This could be a way for scammers to connect individuals to a premium rate phone line and drain their money this way, rather than through a phishing effort.
As a result, individuals are always encouraged to be on the lookout, and with scammers deploying a wide range of techniques, protecting oneself is key.
Britons are always urged to delete any unexpected text messages they receive, particularly those with links.
When thinking about phone calls, these should also be disconnected promptly.
A person can also contact their bank by independently looking up contact details to confirm correspondence is legitimate.
A number of people shared their close brushes with scams which claim to be from Santander.
One said: “I got a scam one from ‘Santander’. No point in telling them the phone number it came from, as they rotate these.
“I feel the phone provider should be responsible as they must be seeing these texts being sent in bulk across their network.”
And a third stated: “So many scam calls texts and emails at the moment.
“Email purportedly from Santander warning me to improve my online security to avoid scammers! I don’t have these accounts so easy to spot, but very convincing. Never click the link.”
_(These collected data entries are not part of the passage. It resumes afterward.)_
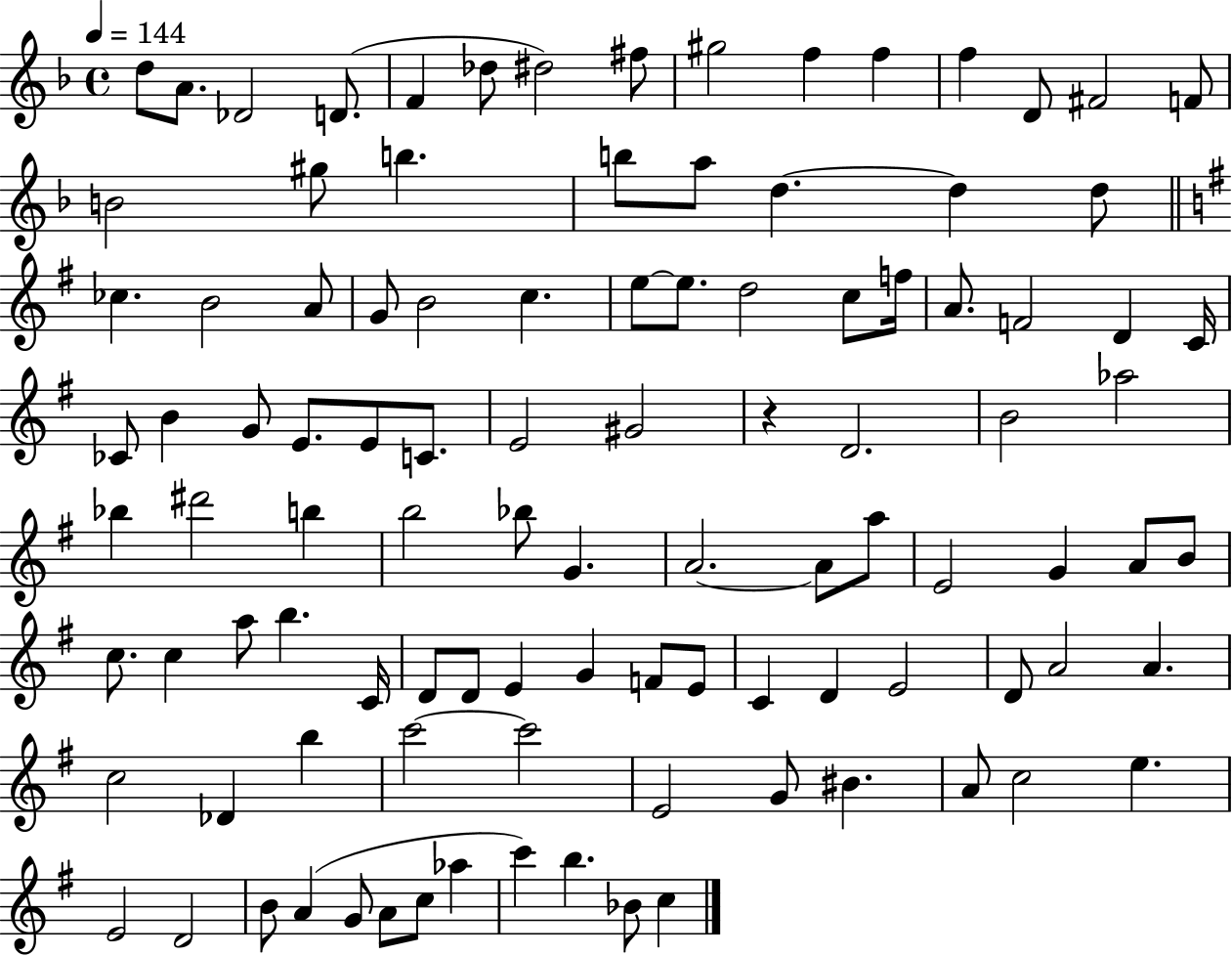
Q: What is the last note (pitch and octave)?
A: C5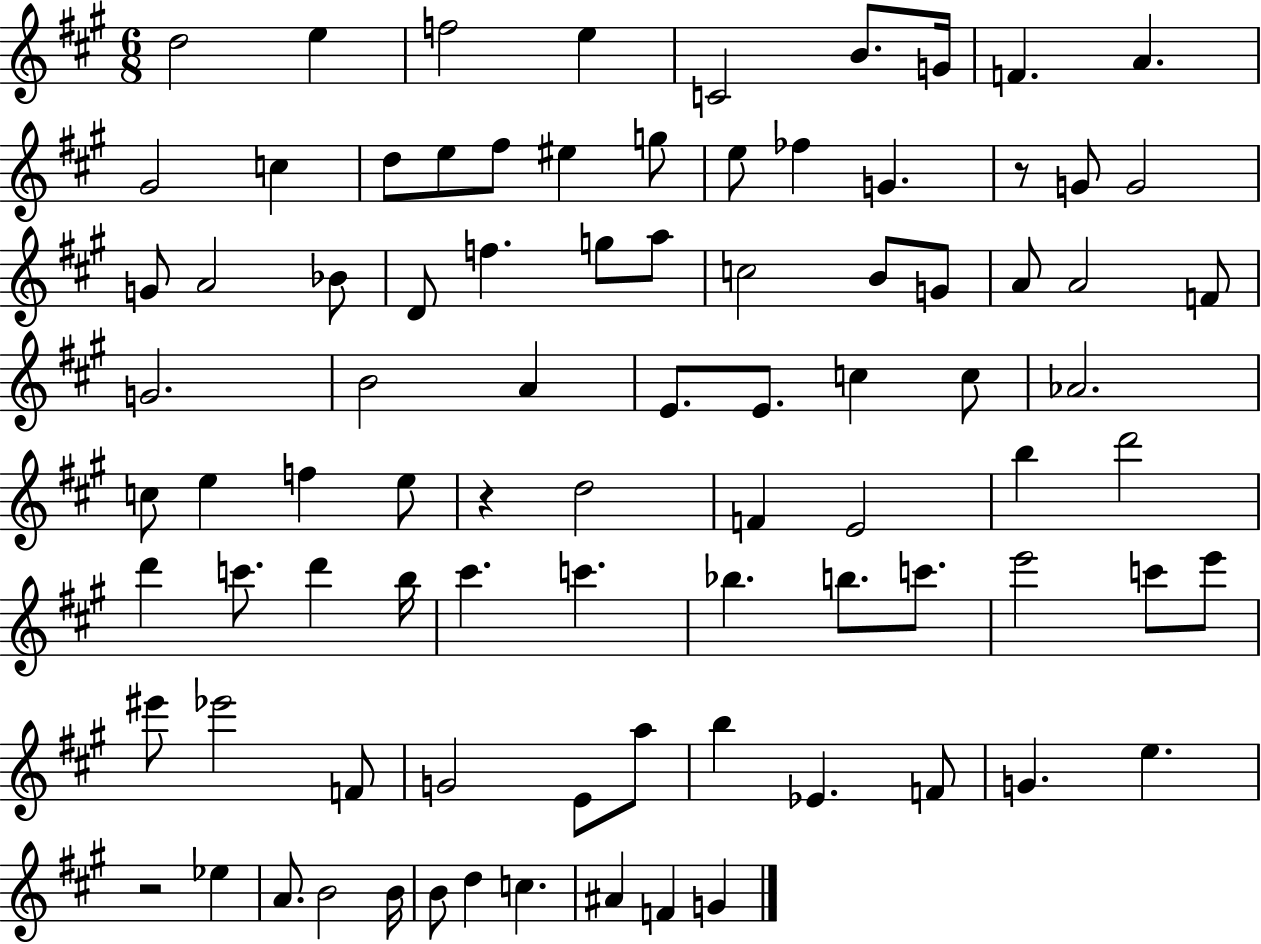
X:1
T:Untitled
M:6/8
L:1/4
K:A
d2 e f2 e C2 B/2 G/4 F A ^G2 c d/2 e/2 ^f/2 ^e g/2 e/2 _f G z/2 G/2 G2 G/2 A2 _B/2 D/2 f g/2 a/2 c2 B/2 G/2 A/2 A2 F/2 G2 B2 A E/2 E/2 c c/2 _A2 c/2 e f e/2 z d2 F E2 b d'2 d' c'/2 d' b/4 ^c' c' _b b/2 c'/2 e'2 c'/2 e'/2 ^e'/2 _e'2 F/2 G2 E/2 a/2 b _E F/2 G e z2 _e A/2 B2 B/4 B/2 d c ^A F G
The founder of Money Saving Expert, Martin Lewis, recently tweeted about the issue of scams, following being targeted himself by a text claiming to be from HSBC.
The financial journalist was quick to point out he did not have an HSBC account, but called for further action to be taken on the matter.
He said: “If only we’d proper regulation and place funded to deal with UK’s biggest crime, which hits financial and mental health.
“Rather than it effectively being an unpunished free for all.”